The struggling eurozone's policies have not delivered economic rewards and there is a real risk of deflation, French Prime Minister Manuel Valls said on Friday.
"The economic policies of the eurozone are not effective," Valls said, adding that they "sadly take a long time to have an effect".
"There is a real risk of deflation," Valls said "because at the European level, growth and inflation are lower than what we might have expected".
His comments came ahead of a key meeting of the European Central Bank next week, and as key indicators for the French economy suggest that it is lagging behind the recovery of other leading economies in the European Union.
Valls said the ECB was "powerless" in the face of low inflation and added that the coming months would be "difficult" for Europe.
Unemployment "has reached an intolerable level," he said against a background of record high unemployment in France.

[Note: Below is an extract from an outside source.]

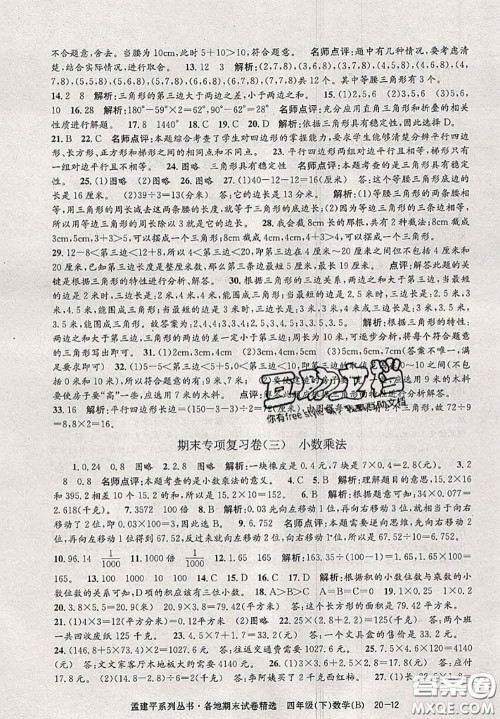 2020年孟建平各地期末试卷精选四年级数学下册北师版答案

In July, IMF chief Christine Lagarde had warned that low inflation could damage growth in Europe and urged the European Central Bank to maintain a flexible policy.
Declining inflation is a concern because it carries the risk of outright falling prices, known as deflation, which deters consumers from spending in the belief they can wait and buy more cheaply later.
If that happens, demand suffers and companies put off investment, hurting employment and so setting off a vicious circle which can drag down the whole economy.
Valls is struggling to push ahead with reforms of the French economy, which economists say now looks like the weak link in the European Union economiclandscape.